Ogni tanto capita di arenarsi in discussioni di puro carattere accademico, si parla per il gusto di parlare e di vedere quanto arguti si riesce ad essere. Se le persone normali lo fanno su argomenti normali, i fanatici lo fanno sulle cose più disparata. Giusto qualche sera fa mi trovavo a chiaccherare con il buon Breaker di programmi e usabilità (i termini non erano propriamente questi, ma il concetto di base lo era). Sono giunto a una conclusione: i programmi che ci circondano sono, nel 99% dei casi, troppo complicati. Non nel senso della difficoltà di apprendimento o di utilizzo, che tutto sommato risulta vieppiù immediata via via che le interfacce si normalizzano a standard consolidati, ma nell'immediatezza del risultato. In effetti, più che "complicati", il termine giusto è "macchinosi". Un'analisi, questa, che parte indubbiamente dalle frustrazioni personali di un pigro (il sottoscritto), ma che ha indubbi fondamenti. Ho letto, da qualche parte e troppo tempo fa, che il compito di una buona interfaccia dovrebbe essere quello di ridurre fino ad annullare la distanza uomo-macchina, in termini di immediatezza e di semplicità di uso. Ora, facciamo questa semplice fotografia della situazione odierna: Abbiamo sistemi operativi commerciali che ci consentono di fare grandi cose: ascoltare musica, vedere filmati, immagini, acquisire, editare, stampare. Tutte gran belle cose, ma alla fine sono dolcetti, distrazioni. Voglio fare un esempio riportato dalla realtà: sono in ufficio, mi telefona un collega con un messaggio importante, tipo un appuntamento fra una settimana.

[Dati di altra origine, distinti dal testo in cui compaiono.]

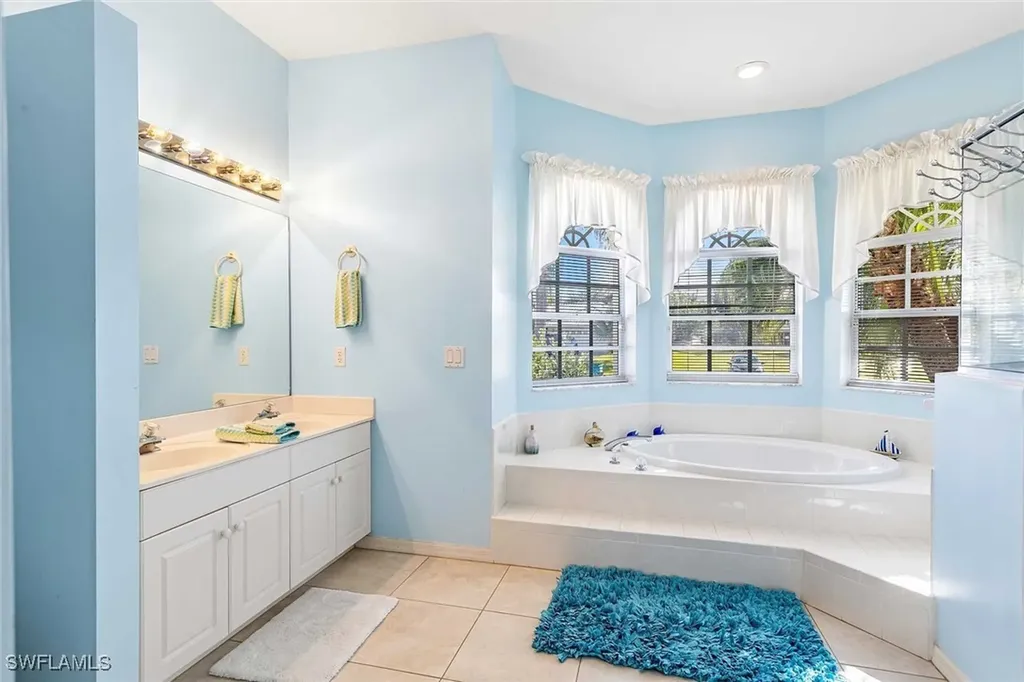 2807 SW 31st Lane Cape Coral FL 33914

UOMO A BASSA TECNOLOGIA: prendo una penna, i foglietti adesivi, scrivo la nota, la appiccico sulla scrivania in un posto in vista. Se sono particolarmente ordinato prendo anche l'agenda e mi segno l'appuntamento.
UOMO AD ALTA TECNOLOGIA (sistema operativo standard, senza aggiunte): apro il primo editor di testi sottomano, scrivo quello che devo, probabilmente dannandomi con la formattazione, salvo il file tentando di dare un senso alla sua collocazione. Dopodichè cerco un modo per metterlo a scadenza. A questo punto mi areno scoprendo che uno scadenziario, se c'è, è un programma esoterico dalle mille funzioni. Dopo un quarto d'ora buono capisco come fare gli inserimenti, salvo poi scoprire che, se non mi ricordo di lanciare l'applicativo o metterlo in esecuzione automatica, questo non mi ricorderà mai cosa fare. Poi, beffa, scopro che però posso far partire lo scandisk ogni venerdì sera a mezzanotte. Sconsolato, prendo una penna e i foglietti adesivi...

Questo esempio è un po' estremizzato, ma fa bene il punto della situazione. Credo che la mia sia una percezione comune: i programmi e gli applicativi in genere vengono molto spesso realizzati senza tener conto, o tenendo conto solo marginalmente, delle reali esigenze della maggioranza degli utenti, inserendo funzioni su funzioni solo per il timore che un utente su diecimila ne abbia bisogno (e creando però complicazioni agli altri 9999). Molto meglio la buona, vecchia concezione dei mini-programmi agili e leggeri che svolgono una sola funzione ma in modo veloce ed efficace. Qualcuno parla di problemi di integrazione fra le applicazioni? ma allora il sistema operativo a cosa serve? Non sarebbe quello il suo compito di base? Mi auguro di essere smentito...

Massimiliano Monti, responsabile editoriale area PC.